As you can see from the cover, this book deals with Al-Qaeda and the lead up to the September 11 terror attacks in the United States. It is not, however, your stereotypical book on that subject. The Looming Tower goes deep, with research and inside information from a variety of sources.
The book starts in the 1950s with an Egyptian named Sayyid Qutb. Sayyid is created by a lot of scholars as an inspiration some of the more modern terrorist organizations like Al-Qaeda. His brother was a teacher and mentor to Ayman al-Zawahiri, who is discussed in great detail throughout this book. While in no way glorifying these men or their actions, the author does a great job of informing us about their lives and follows them as they form their belief system.

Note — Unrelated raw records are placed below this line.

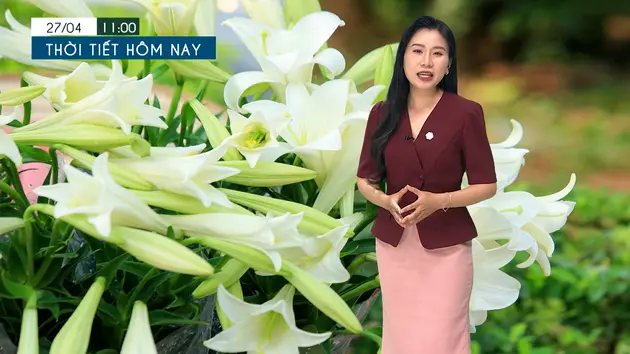 Đài Hà Nội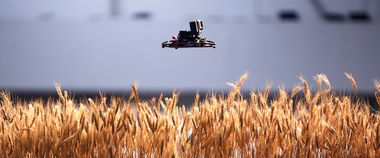 Зображення новини Підтримуємо український експорт: запустили інформаційну кампанію щодо Каталога українських експортерів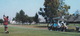 GOLF:  Villa Martin, Torrevieja, Alicante - CAMPO DE GOLF , GOLF CART - (Espana/Spain) - Golf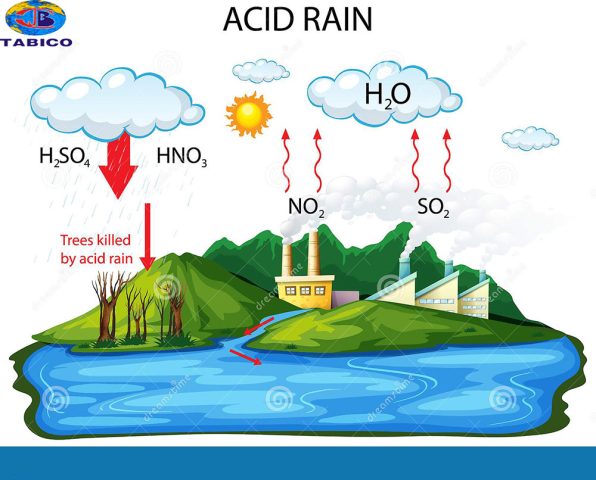 Mưa Axit Là Gì? Nguyên Nhân, Tác Hại Và Giải Pháp Hạn Chế
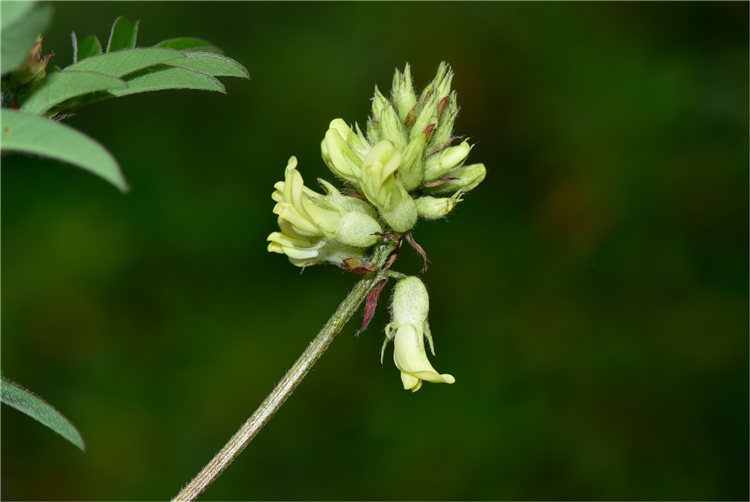 1730103006950642.png 29-2.png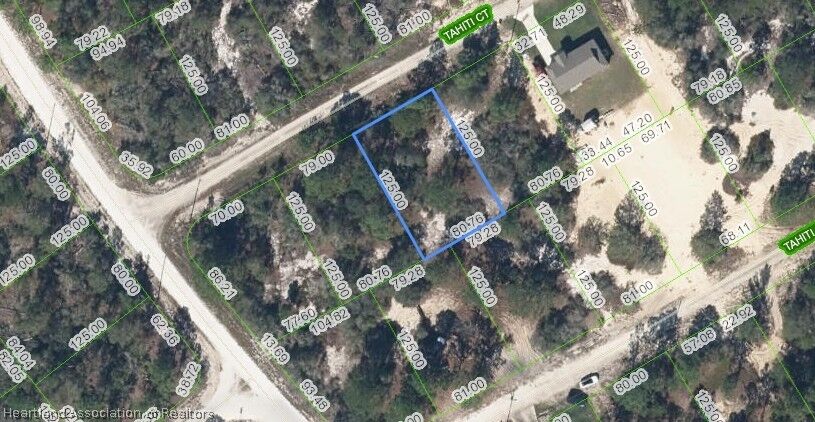 Property Photo:  405 Tahiti Court  FL 33852 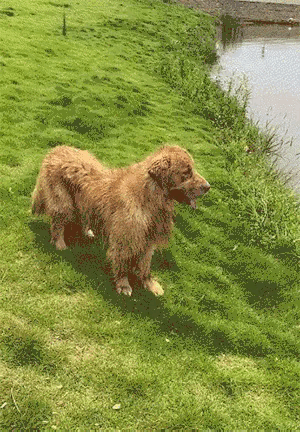 开什么玩笑，总不能什么都听你的吧？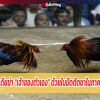 ช็อก! ไก่ชนอินเดียฆ่า “เจ้าของตัวเอง” ด้วยใบมีดติดขา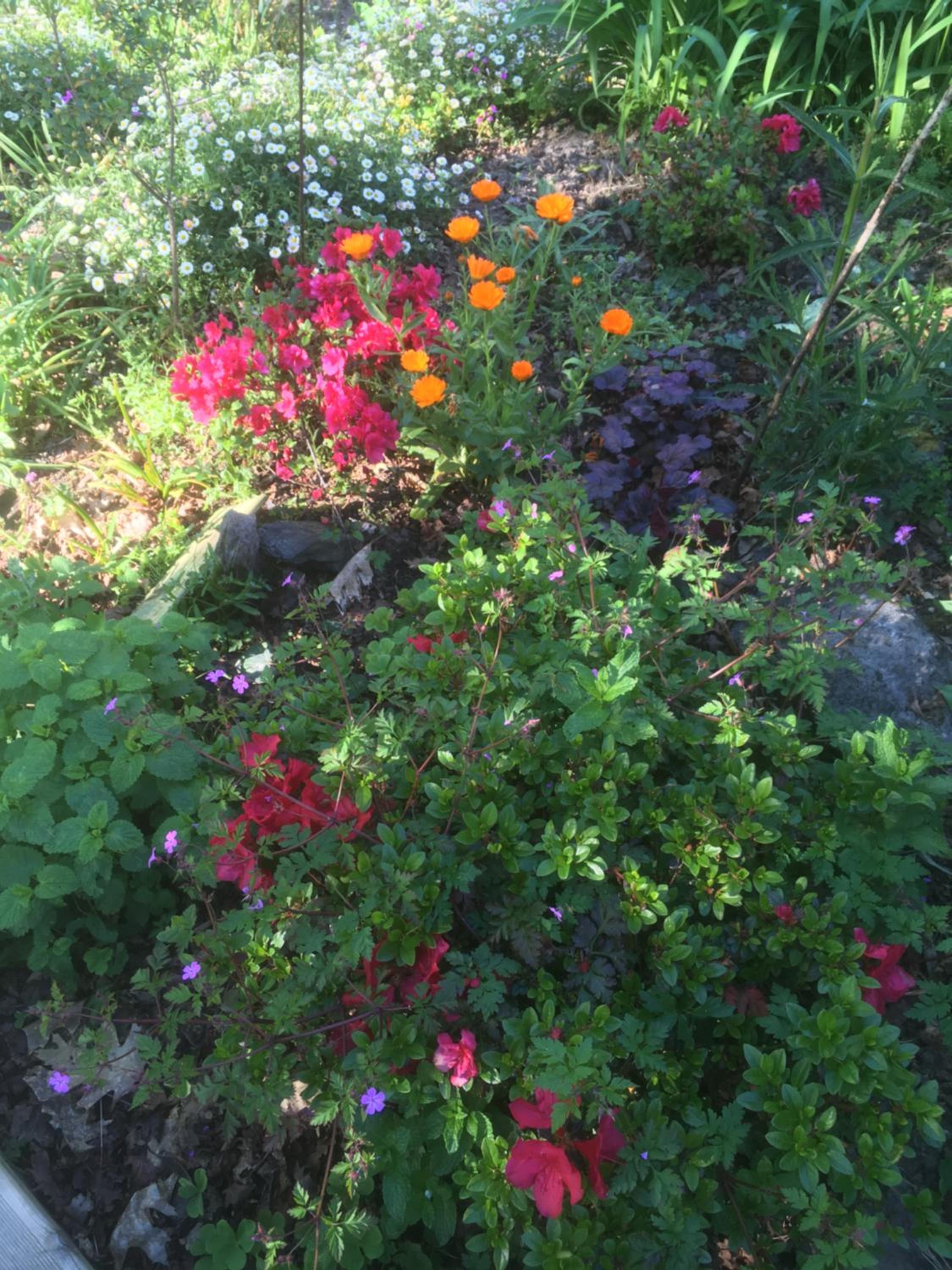 Photo 6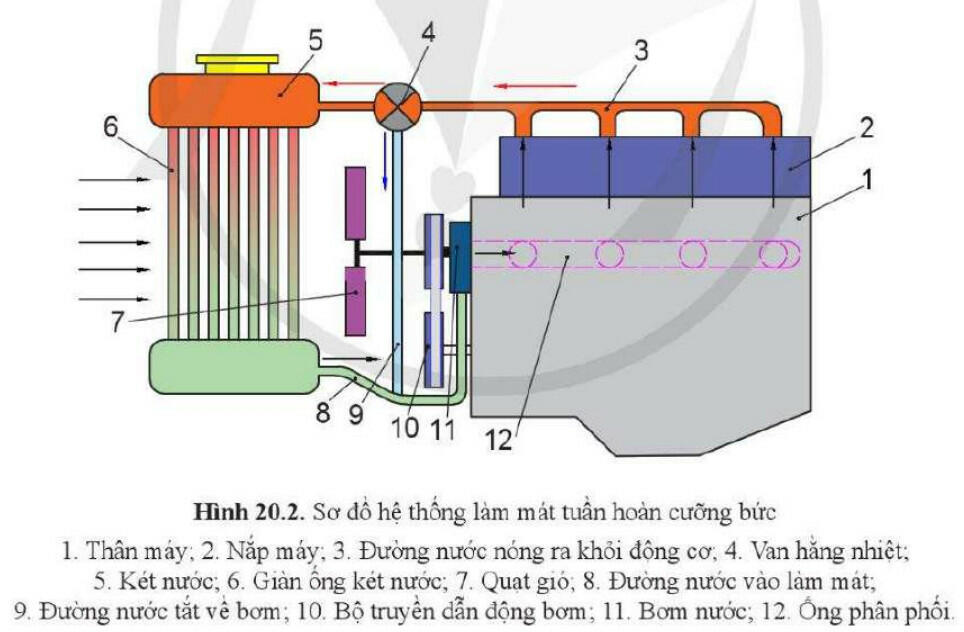 Lý thuyết Công nghệ 11 Cánh Diều Bài 20: Hệ thống bôi trơn và hệ thống làm mát (ảnh 1)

Of course, Mr. Wright goes into detail about Osama Bin Laden and his rise to prominence from a wealthy Saudi family. The rise of Bin Laden and al-Zawahiri are documented in a way that I had not read before. Like I mentioned above, I want to be challenged when I read a book and this book certainly did that for me.
While the author details the rise of these men and their groups, he is also letting us into the world of the United States government and their efforts to stop attacks around the world. John O’Neill, an FBI counter-terrorism agent who really began investigating terrorism in the wake of the 1993 World Trade Center bombing, is featured prominently in The Looming Tower.
The book can be frustrating in the sense that it highlights the lack of cooperation between agencies in the United States government. There is a lot of ego and territorial battles keeping these men and women from accurately pursuing those intent on doing harm.
I would recommend this book to anyone who is interested in history, especially history related to the United States and September 11.